Beziehungen sind kompliziert genug und oft spielen sich Dinge in einer Grauzone ab, aber muss man denn auch noch stolz drauf sein, den anderen zu belügen? Seine Gefühle möglicherweise zutiefst zu verletzten? Nur damit man im Bett mal bekommt, was man will?
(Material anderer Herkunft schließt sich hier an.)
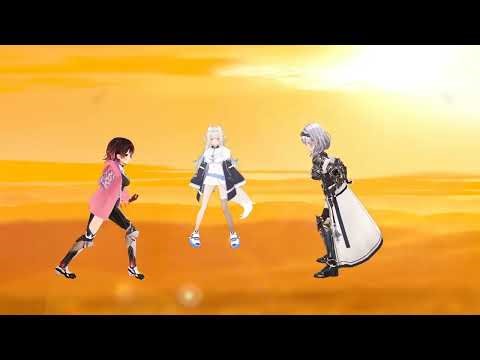 Noel vs Roboco-san in Quick Draw (1-2 Switch)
Für manche Menschen bedeutet so ein Vertrauensmissbrauch, dass er Probleme bekommt sich zu binden, dass er vielleicht nie mehr einem Partner richtig vertrauen kann und gerade jemand, der eine empfindlichere Psyche hat, würde extrem darunter leiden.

Wieso zur Hölle sollte ich stolz drauf sein, dass ich riskiere jemamdem das anzutun?
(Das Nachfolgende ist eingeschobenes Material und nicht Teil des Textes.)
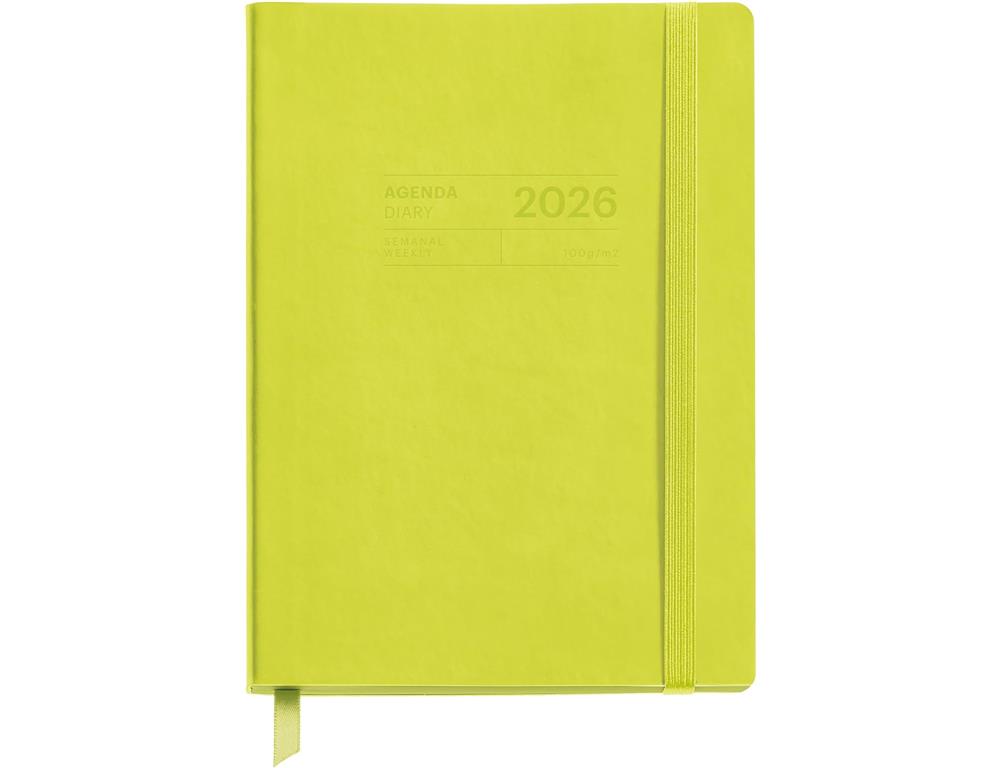 MiquelRius Rokovnik 16-mesečni BASICS FLUOR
Die Vorstellung eine Affäre nebenher zu haben, bei voller Zurechnungsfähigkeit gewollt den anderen Tag für Tag zu belügen, mit jemand anderem zu schlafen und und und - ich glaube, ich würde nach fünf Minuten einknicken und könnte mich nie wieder im Spiegel sehen.
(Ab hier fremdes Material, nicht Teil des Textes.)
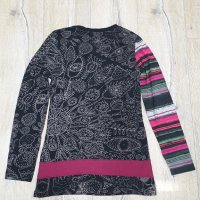 Дамска блуза Desigual - Размер 13/14, снимка 2 - Блузи с дълъг ръкав и пуловери - 31808050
Und so sollte es auch sein.

Noch viel trauriger ist, wie normal solche Artikel zu sein scheinen, denn ich hab nie gemerkt, dass sich jemand darüber beschwert.

In einer Zeit, die sich mehr und mehr sexueller Freiheit, Individualität und Akzeptanz zuwendet, ist es da denn wirklich noch nötig sowas zu unterstützen? Wir finden mit einem Klick, mit einer einzigen App tausende Menschen, die unsere Interessen und Wünsche teilen. Wieso sucht man sich dann jemanden, der es nicht tut?

Es ist ja nicht so wie früher, als eine Ehe nicht nur eine Bindung, sondern irgendwo ein Zwang war, weil eine gewisse Abhängigkeit bestand. Du, als Frau (denn an Frauen richten sich diese Artikel ja) bist nicht finanziell von deinem Freund/Mann abhängig.
Wir sind frei und uns steht alles offen.

Wieso nutzen wir das nicht positiv?

Und um noch eine Frage in den Raum zu stellen: Wenn sowas in einem Männermagazin gäbe, würden dann die Feministen von heute aufschreien?
Ich denke nämlich, ja. Denn anscheinend bedeutet Feminismus für viele heute die Freiheit der Frau, die über die der Männer hinaus geht.

Wenn ein Mann etwaw macht, ist es ach so schlimm. Bei Frauen? Ganz was anderes!
Ist es aber nicht. Denn ob mans glaubt oder nicht, Männer leiden auch unter Betrug. Zumindest würde ich das nach dem heulenden Typ, dem seine Freundin mit Fremdgehen das Herz gebrochen hat, mal vermuten.

Diese Gesellschaft verstört mich manchmal echt.